Export a Pandas Dataframe to Excel with Document Properties
Introduction
In this post, I will walk you through the process of exporting a Pandas DataFrame to an Excel file while also setting various document properties. This technique is useful for adding additional metadata to your Excel workbooks, such as the name of the Python file or Jupyter Notebook used to generate the spreadsheet.
Before diving into the coding part, ensure you have the necessary dependencies installed. To set Excel document properties, I will use the XlsxWriter package. You can easily install it via pip.
Once installed, I will import both xlsxwriter and pandas as pd. Additionally, I will import Path from pathlib to handle file paths.
Pathlib is a core Python module, so you do not need to install it separately. Now, let’s define the current working directory, which is where our Jupyter Notebook is located. I’ve included an if-statement to ensure it works in both Jupyter Notebooks and standard Python files.
Coding out the solution
Next, I will specify the output file path where the generated Excel file will be saved. For this example, I will create a sample Pandas DataFrame using the tips dataset from the Seaborn library, which is available on GitHub.
The dataset contains information like total bill and tip amount, along with customer details such as gender and group size. I will sum up the tips by day and sort the values by tip size to create our DataFrame.
Now, let’s export this DataFrame to Excel.

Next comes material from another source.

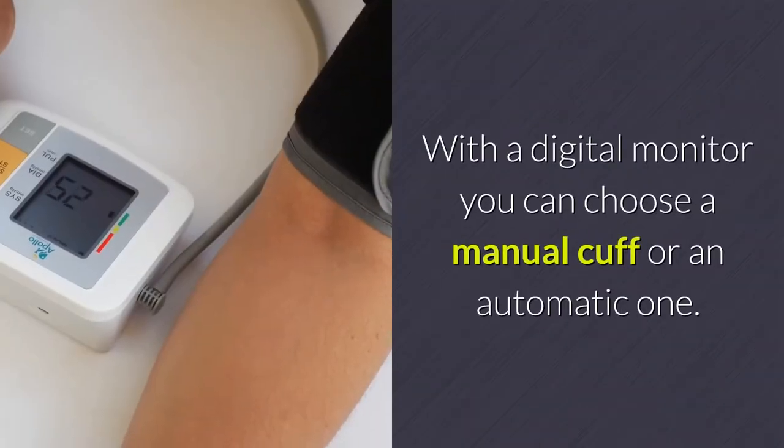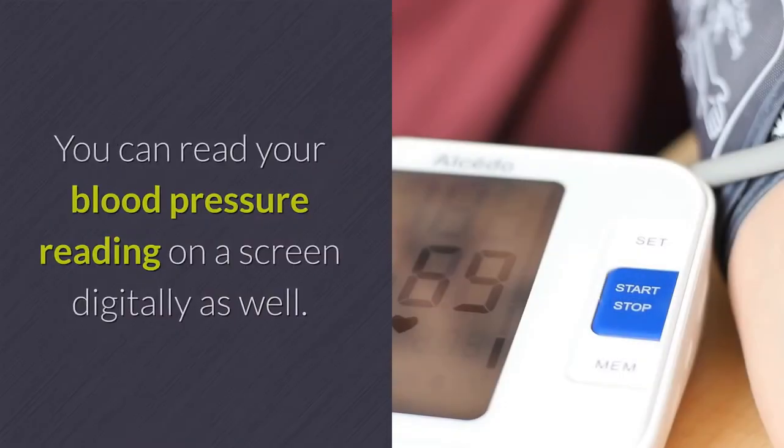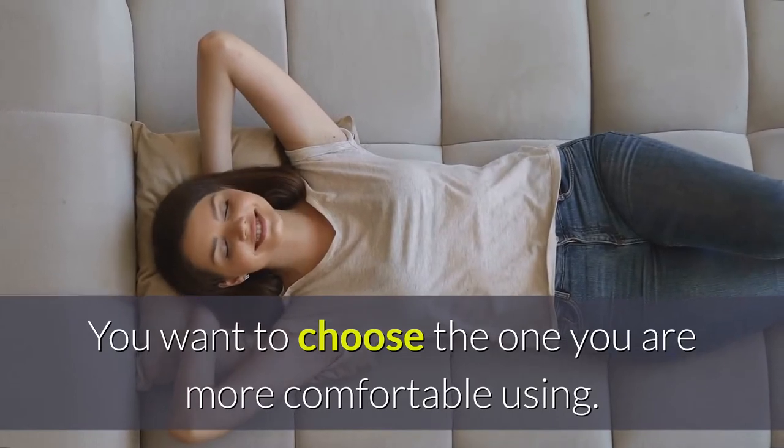With a digital monitor you can choose a manual cuff or an automatic one, and you can read your blood pressure reading on a screen digitally as well. You want to choose the one you are more comfortable using.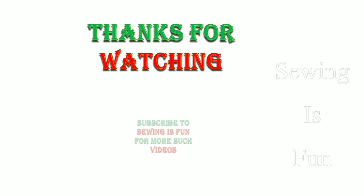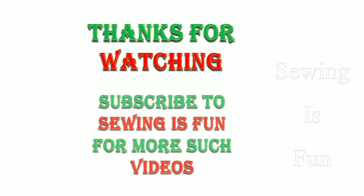Thank you so much for watching. If you haven't subscribed to my channel yet, please do subscribe, and also click the bell icon to get the latest designer wear updates.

Typically, you would use df.to_excel followed by the output file path. However, to set the document properties, we will utilize the XlsxWriter package.

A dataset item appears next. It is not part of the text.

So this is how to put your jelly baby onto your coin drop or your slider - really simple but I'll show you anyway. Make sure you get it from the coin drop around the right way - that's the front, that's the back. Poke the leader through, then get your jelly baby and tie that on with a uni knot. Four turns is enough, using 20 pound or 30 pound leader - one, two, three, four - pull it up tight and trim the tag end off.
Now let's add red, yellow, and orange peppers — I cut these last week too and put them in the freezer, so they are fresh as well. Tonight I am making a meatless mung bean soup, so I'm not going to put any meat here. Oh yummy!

First, I will open the Pandas Excel writer object in a context manager, specifying the output file path and the engine.
Next, I will use the to_excel method, passing in the writer object instead of the filename. Additionally, I will provide a sheet name.

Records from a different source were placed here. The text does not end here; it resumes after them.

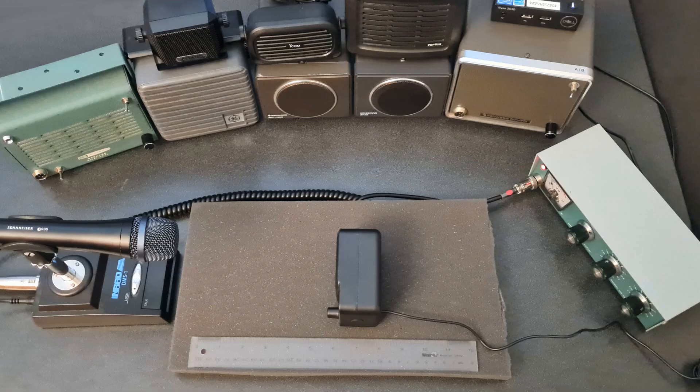This is a test of a Nagoya NSP-150V. Testing 1, 2, 3, ABC.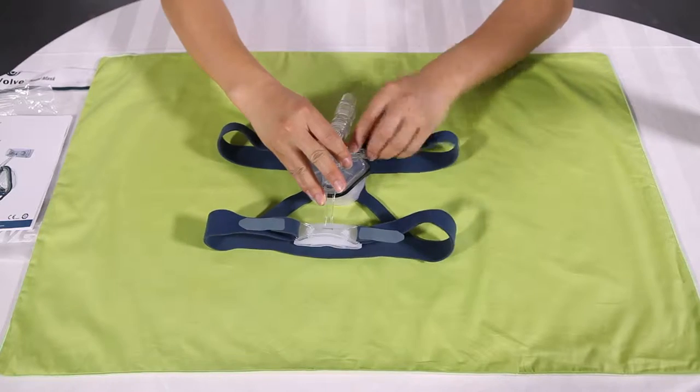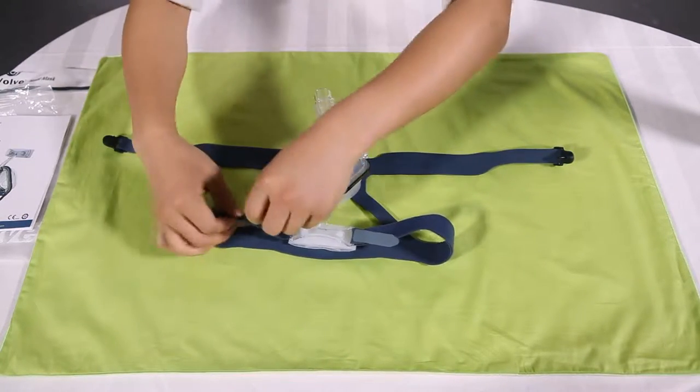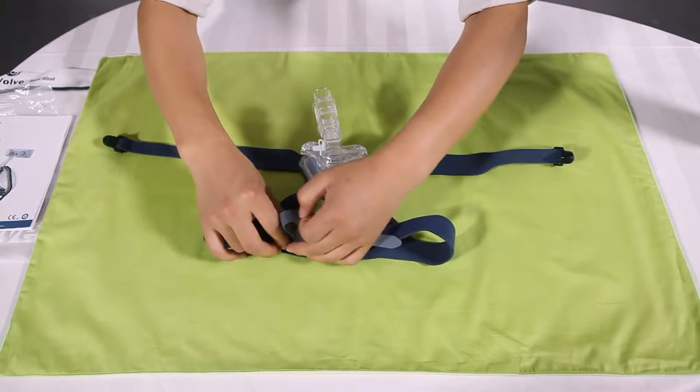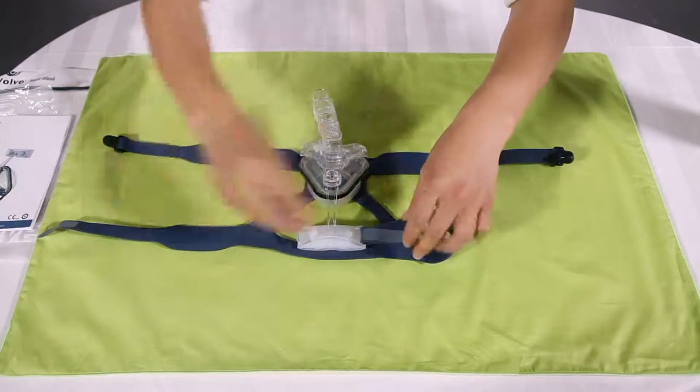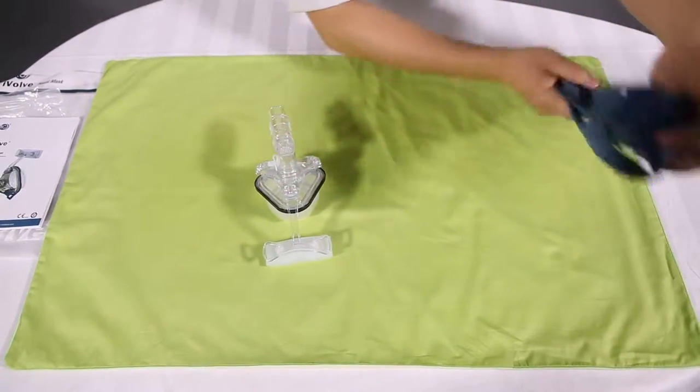Remove the headgear by unclicking the lower clips from the mask frame. Undo the belt crew tabs at the top of the headgear and pull away from the head support frame. There is no need to undo the headgear clips.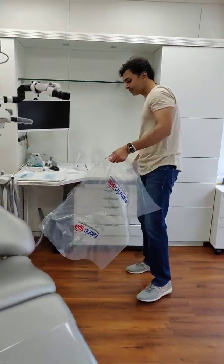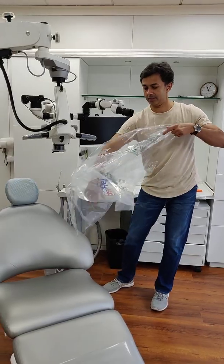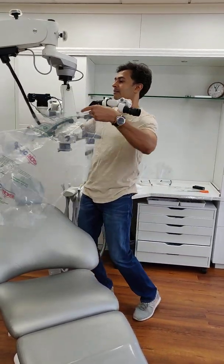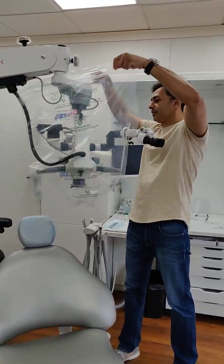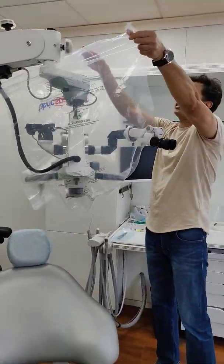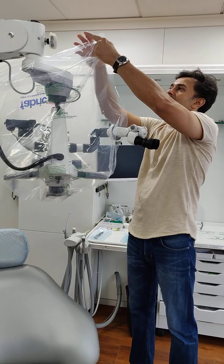Once that's done, we bag the scope. Once you bag the scope, we tie this part here on top.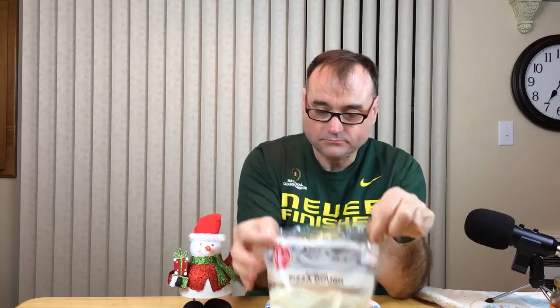I highly recommend it. Primo Taglio traditional pizza dough — under $2. I got it at Safeway, I'm sure other places sell it. I give it two thumbs up. On a scale of one to five, I would give this four and a half, if not five stars.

To add the document properties, we need to access the workbook by typing writers.book. I have listed several properties you can set, including title, subject, author, manager, company, category, keywords, comments, and status. Feel free to include only the fields you need.
After running this cell, you should find a new workbook in your current working directory. If you open this file, you will see the DataFrame we generated earlier.
To check the document properties, right-click on the file and select properties. You can view the details under the ‘details’ tab.
Outro
And that’s it for this tutorial! This is just one example of how to use the XlsxWriter package in combination with Pandas to enhance your Excel files. Thank you for reading!